• **Prompt**: From the first line to the last, retype the records exactly without their images.
------ Given data ------
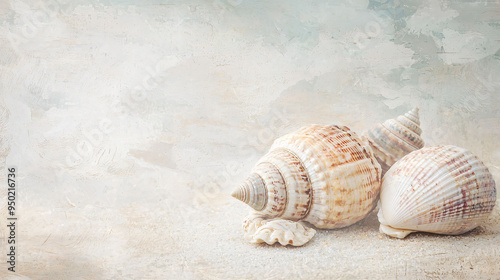 Subtle faded seashells on light sandy background create serene coastal atmosphere. delicate textures and soft colors evoke sense of tranquility and natural beauty.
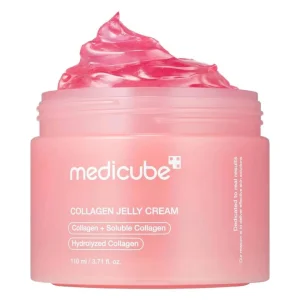Medicube Collagen Jelly Cream Freeze-Dried Hydrolyzed Collagen Boosts Skin's Barrier Hydration and Gives 24h Glow Facial Cream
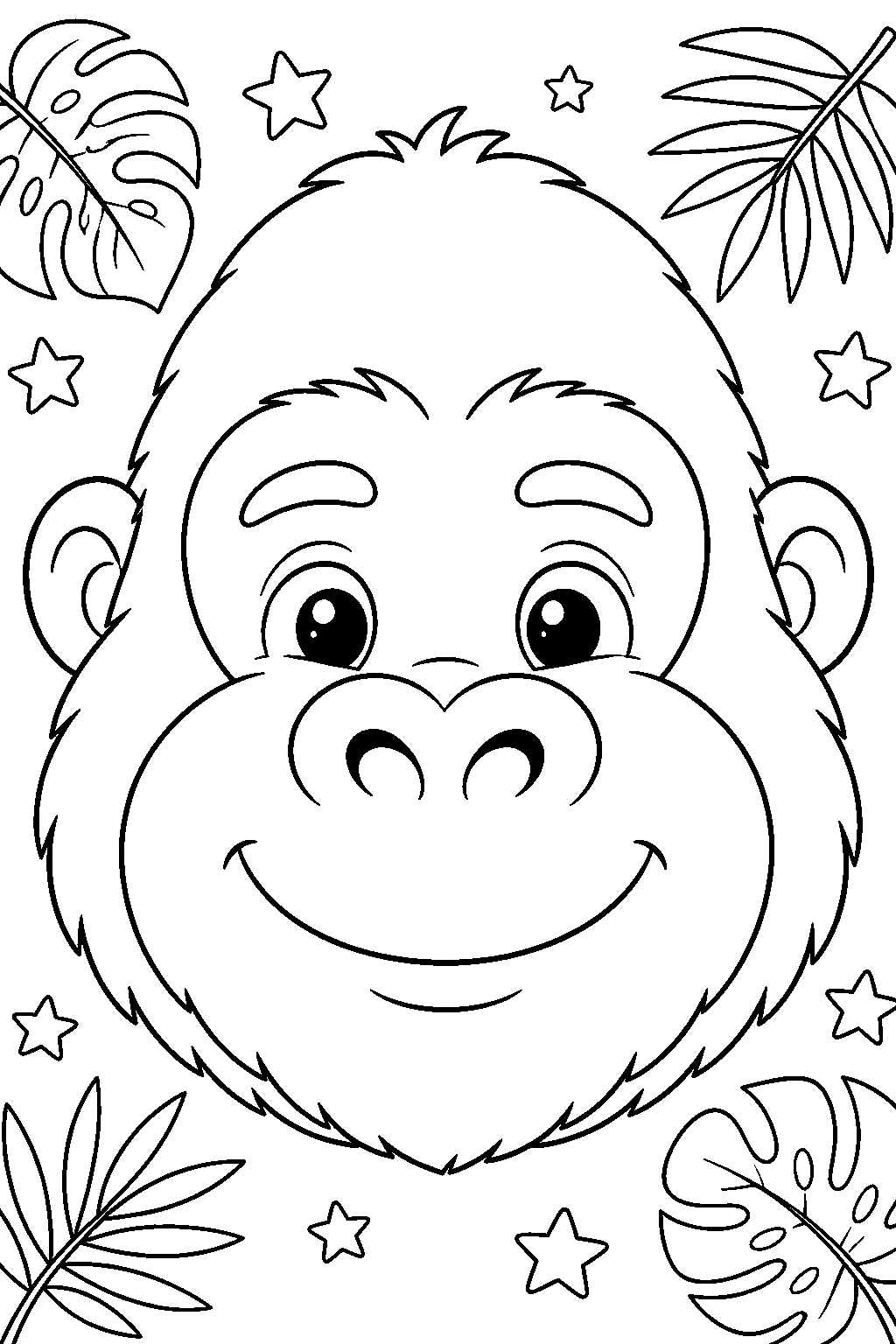 Coloriage visage de gorille du zoo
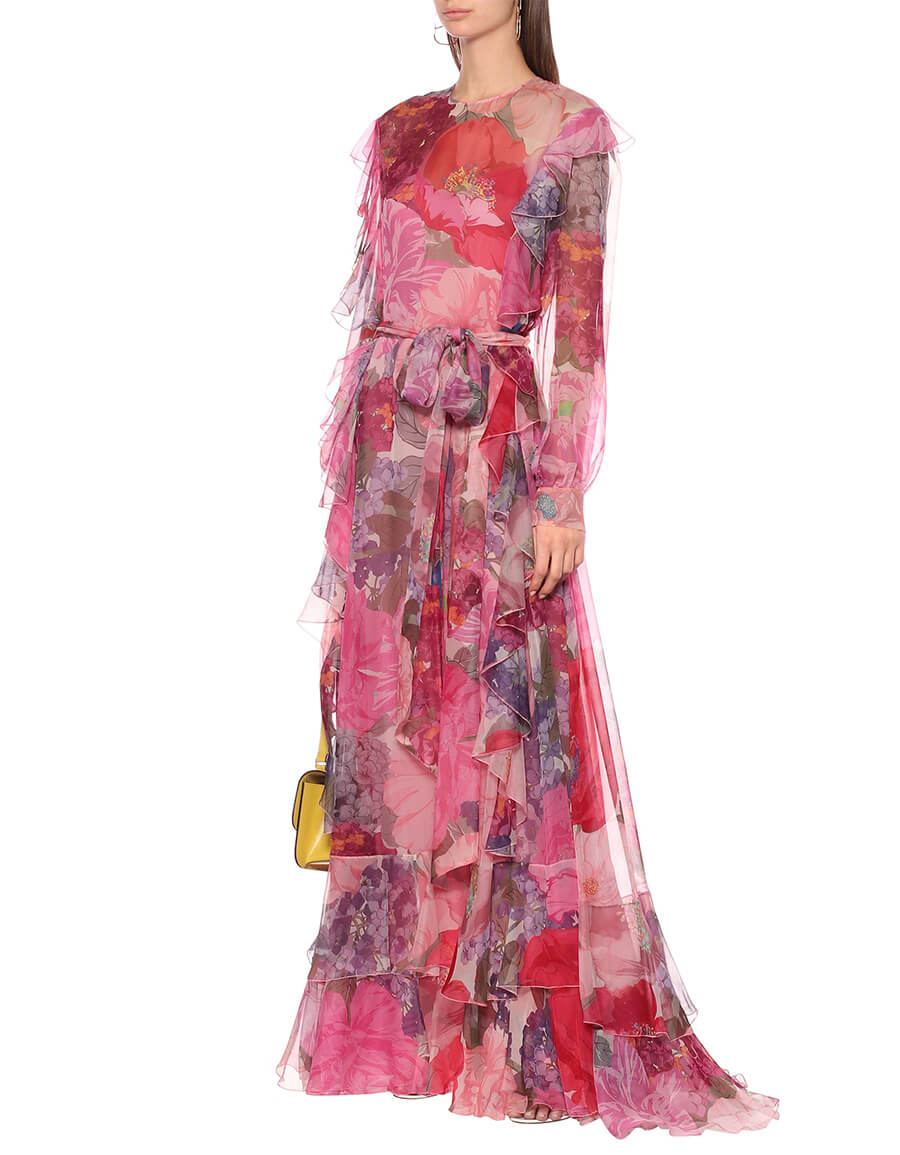 VALENTINO Floral silk-chiffon gown · VERGLE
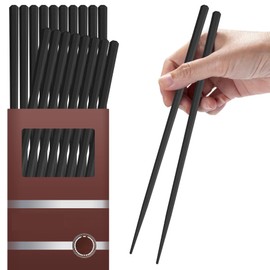 10 Pairs Fiberglass Chopsticks-Reusable Chopsticks Dishwasher Safe, 9.63 inch/24.5cm Premium Non-Slip Chopstick, Chinese/Japanese Chop Sticks, Black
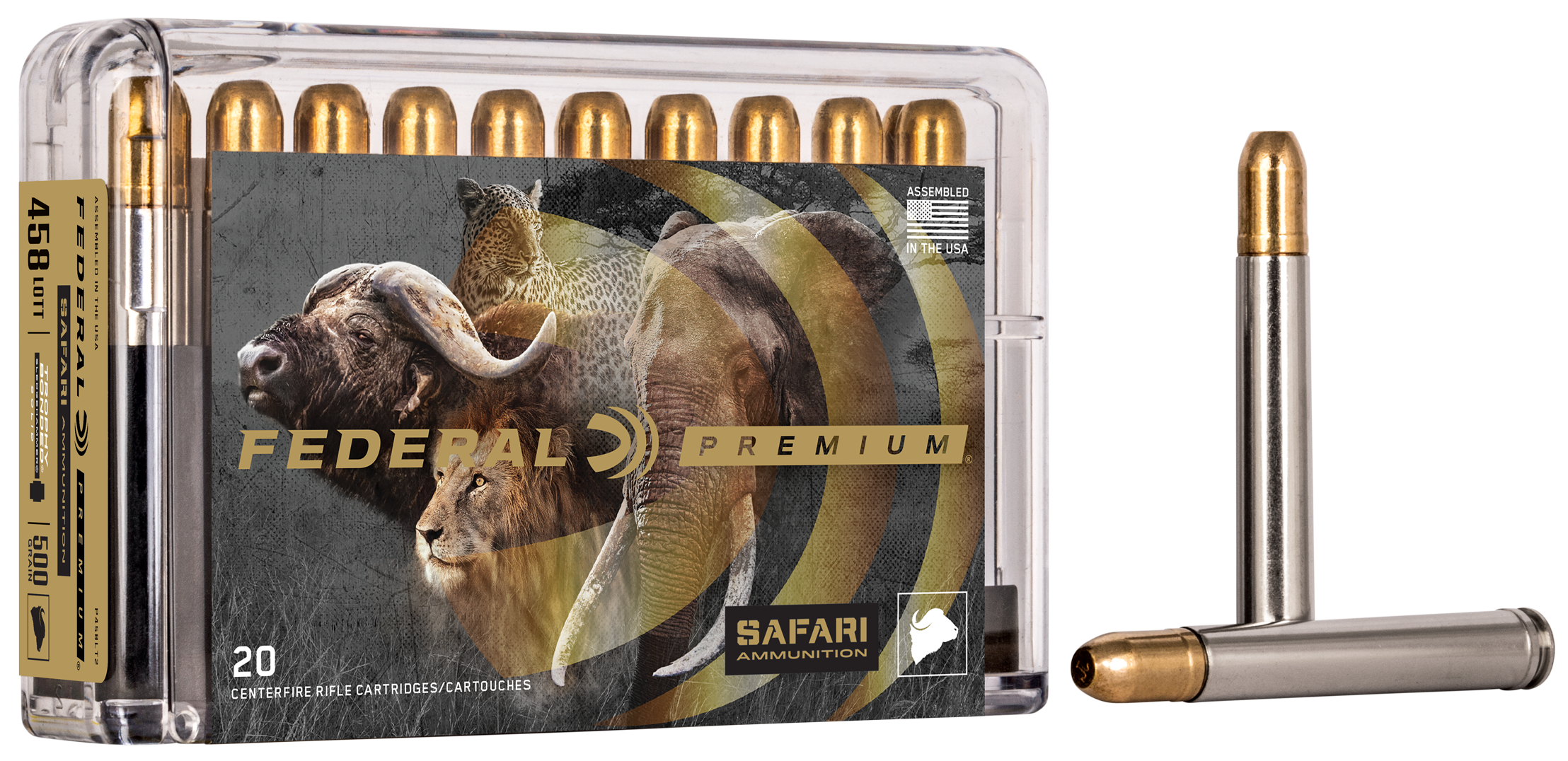 Federal Premium Safari Ammunition 458 Winchester Magnum 500 Grain Speer Trophy Bonded Sledgehammer 20RD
------
• **Answer to the exercise**:
 Subtle faded seashells on light sandy background create serene coastal atmosphere. delicate textures and soft colors evoke sense of tranquility and natural beauty.
Medicube Collagen Jelly Cream Freeze-Dried Hydrolyzed Collagen Boosts Skin's Barrier Hydration and Gives 24h Glow Facial Cream
 Coloriage visage de gorille du zoo
 VALENTINO Floral silk-chiffon gown · VERGLE
 10 Pairs Fiberglass Chopsticks-Reusable Chopsticks Dishwasher Safe, 9.63 inch/24.5cm Premium Non-Slip Chopstick, Chinese/Japanese Chop Sticks, Black
 Federal Premium Safari Ammunition 458 Winchester Magnum 500 Grain Speer Trophy Bonded Sledgehammer 20RD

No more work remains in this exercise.